While Brexit has not yet
had a sizeable impact on the Mid Sussex housing market, my analysis is pointing
to the fact that the economic viewpoint still remains uncertain and Mid Sussex property
price growth is likely to be more subdued in 2017 - although that isn’t a bad
thing so let me explain.
Since the summer, apart
from a little wobble of uncertainty a few weeks after the Referendum vote,
property values (and the economy), on the whole has outperformed what most people
were anticipating. In fact, when I looked at the property prices for our Mid
Sussex District Council area, these were the results;
October 2016 - drop of 0.42%
September 2016 - rise of 0.33%
August 2016 - rise of 0.36%
July 2016 - rise of 0.99%
June 2016 - rise of 2.63%.
The UK property market continues
to perform robustly (because we can’t just look at Mid Sussex as if in its own
little bubble) with annual price growth set to end this year at 6.91% and most South
East region property market at 9.1%.
Talking to fellow agents
in London, the significant tidal wave of growth seen from 2013 through to 2015
in the capital has subdued over the last six months. However, as that central
London house price wave has started to ripple out, agents are starting to see
stronger property growth values in East Anglia and the South East regions outside
of London, than what is being seen within the M25. So, fellow Mid Sussex
landlords and homeowners, is this the time to get your surfboards ready for the
London wave?
Well, we in Mid Sussex
haven’t really been affected by what is happening in the central London
property mega bubble (i.e. Kensington, Chelsea, Marylebone, Mayfair etc.). The
property market locally is more driven by sentiment, especially the ‘C’ word,
confidence. The main forces for a weaker Mid Sussex Property market relate to
economic uncertainty surrounding the Brexit process, which I believe will
impact unhelpfully on consumer confidence in the run up to and just after the
triggering of Article 50 by the end of Q1 2017.

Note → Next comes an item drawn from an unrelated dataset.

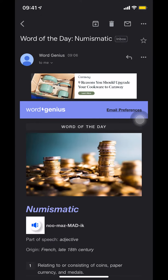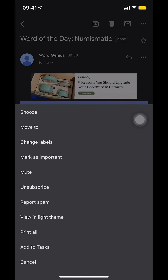Once you're in the message, look in the upper right-hand corner. You're going to see three dots, near the trash icon and other options. Click on those three dots in the upper right-hand corner, and once you click on that, you'll get a menu where you'll see the option to print all.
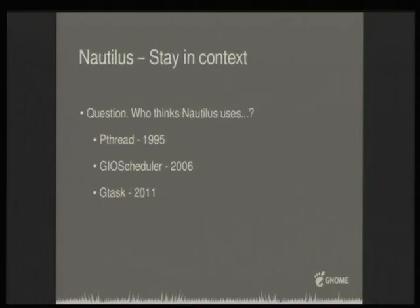I have a question for you — I want to know if you think the same way I did when I started working on Nautilus. Which threading APIs does Nautilus use? There are three choices and any combination is valid.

In addition, the influence
of reforms to the taxation of landlords is expected to result in a reduced
demand from buy to let landlords, which will limit upward pressure on property
values. However, on the other side of the coin, demand from tenants has been
strong, but this has been counterbalanced by a strong supply of rental
properties. In my opinion, there is a slight risk of rents not growing as much
in 2017 as they have in 2016, but by 2018 they will rise again to counteract
Philip Hammond’s changes to tenant fees.
The broader Mid Sussex
rental market looks relatively positive with modest rental growth expected and
rents might rise further if landlords begin to sell properties in an effort to
offset to the impact of tax rises.
So what do I predict will happen to the
Mid Sussex housing market in 2017? In Mid
Sussex, I believe price values are expected to fall by 2.3% in 2017 compared to
a rise of 10.23% last year, then pick up to growth of 1.9% in 2018, 3.1% in
2019, then 4.2% in 2020 and 6.5% in 2021.